Assignment >>
Collect all lines from the records below that include the word "фото".

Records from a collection
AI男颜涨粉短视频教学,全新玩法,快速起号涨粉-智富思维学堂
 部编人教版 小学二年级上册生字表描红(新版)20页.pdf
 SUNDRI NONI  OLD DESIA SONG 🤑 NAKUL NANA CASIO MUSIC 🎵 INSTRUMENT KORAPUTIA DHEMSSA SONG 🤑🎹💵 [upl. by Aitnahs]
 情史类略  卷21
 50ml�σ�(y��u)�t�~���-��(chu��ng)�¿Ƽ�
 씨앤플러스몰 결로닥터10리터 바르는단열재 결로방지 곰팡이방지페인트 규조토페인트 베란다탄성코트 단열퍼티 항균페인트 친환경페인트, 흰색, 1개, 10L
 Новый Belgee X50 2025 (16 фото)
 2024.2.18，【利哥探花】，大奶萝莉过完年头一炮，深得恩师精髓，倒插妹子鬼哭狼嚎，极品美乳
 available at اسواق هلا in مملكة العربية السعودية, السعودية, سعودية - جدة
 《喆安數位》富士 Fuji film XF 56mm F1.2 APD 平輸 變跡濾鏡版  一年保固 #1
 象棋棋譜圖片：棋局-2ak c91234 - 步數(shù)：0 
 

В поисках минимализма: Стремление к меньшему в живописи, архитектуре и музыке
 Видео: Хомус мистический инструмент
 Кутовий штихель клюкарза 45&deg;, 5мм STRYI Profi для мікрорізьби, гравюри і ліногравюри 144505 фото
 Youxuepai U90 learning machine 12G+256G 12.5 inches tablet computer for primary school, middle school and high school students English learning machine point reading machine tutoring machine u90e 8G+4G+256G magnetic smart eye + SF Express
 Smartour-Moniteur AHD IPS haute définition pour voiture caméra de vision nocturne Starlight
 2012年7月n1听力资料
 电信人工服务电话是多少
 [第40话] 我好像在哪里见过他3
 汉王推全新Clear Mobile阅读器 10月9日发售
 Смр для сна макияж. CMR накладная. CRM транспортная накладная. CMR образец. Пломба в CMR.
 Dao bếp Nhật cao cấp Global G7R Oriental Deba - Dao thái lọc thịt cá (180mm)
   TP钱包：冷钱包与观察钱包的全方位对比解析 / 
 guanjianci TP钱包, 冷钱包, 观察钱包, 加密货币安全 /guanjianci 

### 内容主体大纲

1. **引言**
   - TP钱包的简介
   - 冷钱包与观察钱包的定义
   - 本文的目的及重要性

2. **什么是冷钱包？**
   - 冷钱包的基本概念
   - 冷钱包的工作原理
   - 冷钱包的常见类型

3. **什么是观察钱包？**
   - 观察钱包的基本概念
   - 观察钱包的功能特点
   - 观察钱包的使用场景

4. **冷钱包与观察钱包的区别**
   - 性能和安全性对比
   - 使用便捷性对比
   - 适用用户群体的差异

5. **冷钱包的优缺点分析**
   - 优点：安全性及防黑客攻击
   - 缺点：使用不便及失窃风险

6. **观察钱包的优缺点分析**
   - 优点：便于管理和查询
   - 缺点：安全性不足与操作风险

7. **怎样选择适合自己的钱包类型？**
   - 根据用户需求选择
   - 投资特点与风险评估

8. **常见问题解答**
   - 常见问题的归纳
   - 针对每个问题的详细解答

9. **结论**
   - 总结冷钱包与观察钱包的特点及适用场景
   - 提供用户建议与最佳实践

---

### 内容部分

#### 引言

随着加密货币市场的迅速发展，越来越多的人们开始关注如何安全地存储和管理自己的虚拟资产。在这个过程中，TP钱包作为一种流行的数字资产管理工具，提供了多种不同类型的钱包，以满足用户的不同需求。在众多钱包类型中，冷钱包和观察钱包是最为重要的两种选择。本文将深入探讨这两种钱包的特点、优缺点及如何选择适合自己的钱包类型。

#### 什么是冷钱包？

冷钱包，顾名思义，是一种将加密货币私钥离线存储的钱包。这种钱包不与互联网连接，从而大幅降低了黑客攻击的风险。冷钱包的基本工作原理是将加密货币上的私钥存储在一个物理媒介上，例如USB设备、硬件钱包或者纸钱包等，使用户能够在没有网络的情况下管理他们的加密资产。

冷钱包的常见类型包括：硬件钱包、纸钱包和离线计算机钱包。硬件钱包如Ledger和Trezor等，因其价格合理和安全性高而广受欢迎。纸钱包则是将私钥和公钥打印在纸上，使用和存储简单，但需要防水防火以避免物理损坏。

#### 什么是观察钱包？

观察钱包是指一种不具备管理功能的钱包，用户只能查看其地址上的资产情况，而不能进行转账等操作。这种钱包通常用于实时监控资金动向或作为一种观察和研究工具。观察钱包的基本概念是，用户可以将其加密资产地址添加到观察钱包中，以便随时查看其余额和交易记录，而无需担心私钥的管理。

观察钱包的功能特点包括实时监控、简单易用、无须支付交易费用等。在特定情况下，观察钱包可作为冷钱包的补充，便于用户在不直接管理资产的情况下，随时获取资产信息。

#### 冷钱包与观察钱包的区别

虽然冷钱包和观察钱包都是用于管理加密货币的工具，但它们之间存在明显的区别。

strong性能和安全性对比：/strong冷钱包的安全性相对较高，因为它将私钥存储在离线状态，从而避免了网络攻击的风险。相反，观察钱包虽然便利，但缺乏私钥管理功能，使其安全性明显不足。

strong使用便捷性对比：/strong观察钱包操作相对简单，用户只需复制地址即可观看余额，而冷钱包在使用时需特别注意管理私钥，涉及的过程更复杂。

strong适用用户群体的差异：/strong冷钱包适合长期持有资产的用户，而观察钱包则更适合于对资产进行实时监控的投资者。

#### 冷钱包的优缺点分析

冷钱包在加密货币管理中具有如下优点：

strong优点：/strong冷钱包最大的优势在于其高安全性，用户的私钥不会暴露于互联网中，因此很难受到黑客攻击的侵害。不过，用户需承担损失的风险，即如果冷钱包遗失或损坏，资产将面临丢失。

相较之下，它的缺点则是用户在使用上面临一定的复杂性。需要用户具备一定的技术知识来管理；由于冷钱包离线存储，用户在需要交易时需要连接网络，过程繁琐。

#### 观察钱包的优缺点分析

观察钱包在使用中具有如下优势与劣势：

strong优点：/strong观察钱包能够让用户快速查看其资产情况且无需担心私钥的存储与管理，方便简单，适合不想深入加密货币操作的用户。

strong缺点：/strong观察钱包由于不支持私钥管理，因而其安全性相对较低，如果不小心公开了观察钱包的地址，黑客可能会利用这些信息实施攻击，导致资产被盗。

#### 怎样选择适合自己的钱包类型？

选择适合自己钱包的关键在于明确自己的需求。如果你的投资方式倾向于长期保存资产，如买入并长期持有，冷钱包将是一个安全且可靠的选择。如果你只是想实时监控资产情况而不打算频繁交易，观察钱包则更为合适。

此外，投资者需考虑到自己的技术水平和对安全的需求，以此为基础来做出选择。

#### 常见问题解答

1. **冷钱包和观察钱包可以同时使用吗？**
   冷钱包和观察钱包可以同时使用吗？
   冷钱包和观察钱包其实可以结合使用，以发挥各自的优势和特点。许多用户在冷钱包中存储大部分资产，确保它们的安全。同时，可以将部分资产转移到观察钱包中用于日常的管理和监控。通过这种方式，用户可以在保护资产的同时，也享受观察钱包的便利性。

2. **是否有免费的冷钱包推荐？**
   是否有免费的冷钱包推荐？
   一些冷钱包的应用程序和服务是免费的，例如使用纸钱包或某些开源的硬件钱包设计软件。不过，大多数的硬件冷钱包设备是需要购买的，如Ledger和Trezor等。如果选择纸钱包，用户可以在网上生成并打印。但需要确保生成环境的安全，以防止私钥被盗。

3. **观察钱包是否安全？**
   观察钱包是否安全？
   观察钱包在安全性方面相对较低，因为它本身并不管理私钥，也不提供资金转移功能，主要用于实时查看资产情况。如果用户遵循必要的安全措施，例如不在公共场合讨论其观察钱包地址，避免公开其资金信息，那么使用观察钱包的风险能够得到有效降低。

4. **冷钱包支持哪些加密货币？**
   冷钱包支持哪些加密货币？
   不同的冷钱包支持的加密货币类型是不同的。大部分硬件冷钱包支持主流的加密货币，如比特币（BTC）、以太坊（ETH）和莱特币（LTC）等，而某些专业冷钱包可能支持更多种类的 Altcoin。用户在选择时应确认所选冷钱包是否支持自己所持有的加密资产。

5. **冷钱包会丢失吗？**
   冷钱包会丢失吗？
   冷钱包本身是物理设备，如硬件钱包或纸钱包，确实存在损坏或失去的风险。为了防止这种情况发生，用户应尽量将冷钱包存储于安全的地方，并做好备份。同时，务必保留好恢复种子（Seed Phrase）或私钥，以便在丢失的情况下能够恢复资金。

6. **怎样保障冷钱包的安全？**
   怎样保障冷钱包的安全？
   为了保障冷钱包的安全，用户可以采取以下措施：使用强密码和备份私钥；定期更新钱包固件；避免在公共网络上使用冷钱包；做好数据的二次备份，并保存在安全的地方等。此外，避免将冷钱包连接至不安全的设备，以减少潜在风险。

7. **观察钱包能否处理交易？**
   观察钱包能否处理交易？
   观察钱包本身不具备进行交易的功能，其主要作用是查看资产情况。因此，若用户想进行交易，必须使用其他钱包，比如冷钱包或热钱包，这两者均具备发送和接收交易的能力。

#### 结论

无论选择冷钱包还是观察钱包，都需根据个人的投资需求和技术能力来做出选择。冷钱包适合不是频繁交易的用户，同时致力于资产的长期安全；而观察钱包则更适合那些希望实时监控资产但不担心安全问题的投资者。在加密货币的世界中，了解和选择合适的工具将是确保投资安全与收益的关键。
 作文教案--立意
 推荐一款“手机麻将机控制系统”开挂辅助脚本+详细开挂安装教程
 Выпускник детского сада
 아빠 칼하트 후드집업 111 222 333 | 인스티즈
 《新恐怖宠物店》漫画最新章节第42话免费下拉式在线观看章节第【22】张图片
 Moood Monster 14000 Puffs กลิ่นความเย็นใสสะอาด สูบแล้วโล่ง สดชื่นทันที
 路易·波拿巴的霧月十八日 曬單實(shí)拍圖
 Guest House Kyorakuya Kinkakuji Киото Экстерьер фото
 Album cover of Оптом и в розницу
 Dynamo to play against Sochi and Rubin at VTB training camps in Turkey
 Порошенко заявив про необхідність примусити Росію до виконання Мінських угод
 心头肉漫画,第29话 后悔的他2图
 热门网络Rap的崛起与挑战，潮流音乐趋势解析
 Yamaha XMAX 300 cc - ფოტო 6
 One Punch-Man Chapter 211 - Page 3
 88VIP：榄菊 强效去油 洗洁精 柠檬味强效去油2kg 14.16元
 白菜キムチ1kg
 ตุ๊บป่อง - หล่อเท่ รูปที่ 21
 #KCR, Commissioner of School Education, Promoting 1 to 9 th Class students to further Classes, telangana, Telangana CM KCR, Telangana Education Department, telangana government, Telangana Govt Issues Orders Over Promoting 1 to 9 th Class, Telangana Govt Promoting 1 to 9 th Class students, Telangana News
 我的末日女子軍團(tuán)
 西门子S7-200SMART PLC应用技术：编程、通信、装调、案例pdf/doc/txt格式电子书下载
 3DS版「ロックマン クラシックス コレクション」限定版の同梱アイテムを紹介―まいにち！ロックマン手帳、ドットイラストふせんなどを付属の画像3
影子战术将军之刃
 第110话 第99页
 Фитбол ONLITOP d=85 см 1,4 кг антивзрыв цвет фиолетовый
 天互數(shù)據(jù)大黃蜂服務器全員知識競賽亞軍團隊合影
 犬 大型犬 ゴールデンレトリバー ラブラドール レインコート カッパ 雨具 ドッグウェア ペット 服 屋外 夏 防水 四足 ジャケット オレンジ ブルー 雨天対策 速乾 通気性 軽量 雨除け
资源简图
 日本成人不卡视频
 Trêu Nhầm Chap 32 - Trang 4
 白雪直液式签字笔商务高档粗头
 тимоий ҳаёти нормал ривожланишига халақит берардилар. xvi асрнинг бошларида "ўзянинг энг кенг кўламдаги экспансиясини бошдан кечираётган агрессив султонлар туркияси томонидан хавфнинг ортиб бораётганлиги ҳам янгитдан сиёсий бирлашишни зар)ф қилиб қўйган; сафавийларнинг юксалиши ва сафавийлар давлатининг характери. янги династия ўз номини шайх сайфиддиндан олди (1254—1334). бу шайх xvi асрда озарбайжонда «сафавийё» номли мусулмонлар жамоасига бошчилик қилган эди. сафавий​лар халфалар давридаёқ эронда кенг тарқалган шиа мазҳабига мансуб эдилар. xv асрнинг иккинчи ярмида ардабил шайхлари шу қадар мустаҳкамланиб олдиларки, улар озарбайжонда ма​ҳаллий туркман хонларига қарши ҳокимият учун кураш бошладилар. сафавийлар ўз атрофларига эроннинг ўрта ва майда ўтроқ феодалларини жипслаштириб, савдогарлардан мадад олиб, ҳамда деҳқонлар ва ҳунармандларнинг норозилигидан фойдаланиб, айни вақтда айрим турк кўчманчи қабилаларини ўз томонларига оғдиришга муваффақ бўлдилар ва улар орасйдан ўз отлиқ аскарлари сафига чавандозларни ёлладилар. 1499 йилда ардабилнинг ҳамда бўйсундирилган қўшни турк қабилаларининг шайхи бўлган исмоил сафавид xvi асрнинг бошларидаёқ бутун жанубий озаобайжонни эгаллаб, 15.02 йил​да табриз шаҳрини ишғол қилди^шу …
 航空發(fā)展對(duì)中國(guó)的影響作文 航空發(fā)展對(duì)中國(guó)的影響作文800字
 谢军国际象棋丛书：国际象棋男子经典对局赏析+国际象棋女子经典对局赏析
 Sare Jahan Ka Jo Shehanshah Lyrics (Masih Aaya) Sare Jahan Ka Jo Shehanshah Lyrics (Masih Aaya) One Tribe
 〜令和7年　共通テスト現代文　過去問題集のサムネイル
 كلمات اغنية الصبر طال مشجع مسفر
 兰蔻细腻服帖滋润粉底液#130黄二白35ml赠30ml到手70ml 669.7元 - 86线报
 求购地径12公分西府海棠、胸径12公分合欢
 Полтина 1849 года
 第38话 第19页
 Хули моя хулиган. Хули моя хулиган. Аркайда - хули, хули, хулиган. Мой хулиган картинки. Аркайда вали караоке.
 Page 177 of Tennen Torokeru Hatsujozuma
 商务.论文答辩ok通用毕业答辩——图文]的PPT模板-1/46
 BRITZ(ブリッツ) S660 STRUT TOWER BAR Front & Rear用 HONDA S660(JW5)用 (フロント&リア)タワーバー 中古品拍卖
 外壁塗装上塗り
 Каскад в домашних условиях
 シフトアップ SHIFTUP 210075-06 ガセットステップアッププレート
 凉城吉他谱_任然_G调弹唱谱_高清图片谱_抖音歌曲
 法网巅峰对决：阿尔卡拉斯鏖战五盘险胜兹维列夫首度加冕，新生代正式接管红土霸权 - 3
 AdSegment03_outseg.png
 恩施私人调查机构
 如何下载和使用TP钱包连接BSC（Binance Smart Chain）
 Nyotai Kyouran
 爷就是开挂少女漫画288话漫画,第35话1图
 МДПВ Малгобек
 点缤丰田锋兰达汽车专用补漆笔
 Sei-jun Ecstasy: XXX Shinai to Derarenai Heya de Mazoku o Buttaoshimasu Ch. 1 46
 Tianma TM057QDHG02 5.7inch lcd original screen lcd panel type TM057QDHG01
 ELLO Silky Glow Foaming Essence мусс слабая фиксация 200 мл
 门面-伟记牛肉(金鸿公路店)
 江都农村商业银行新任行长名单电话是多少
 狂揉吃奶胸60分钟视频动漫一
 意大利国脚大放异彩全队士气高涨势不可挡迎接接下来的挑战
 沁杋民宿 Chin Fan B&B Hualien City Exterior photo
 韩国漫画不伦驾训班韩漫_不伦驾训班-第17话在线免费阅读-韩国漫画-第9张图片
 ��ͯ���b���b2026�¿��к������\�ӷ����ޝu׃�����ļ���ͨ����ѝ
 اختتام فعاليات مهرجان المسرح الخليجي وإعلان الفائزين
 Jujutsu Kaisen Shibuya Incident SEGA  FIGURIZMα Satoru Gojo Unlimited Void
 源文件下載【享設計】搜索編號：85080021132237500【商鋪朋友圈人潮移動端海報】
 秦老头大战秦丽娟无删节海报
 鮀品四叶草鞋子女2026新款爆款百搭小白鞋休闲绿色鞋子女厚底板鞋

Your solution >>
 Новый Belgee X50 2025 (16 фото)
 Кутовий штихель клюкарза 45&deg;, 5мм STRYI Profi для мікрорізьби, гравюри і ліногравюри 144505 фото
 Guest House Kyorakuya Kinkakuji Киото Экстерьер фото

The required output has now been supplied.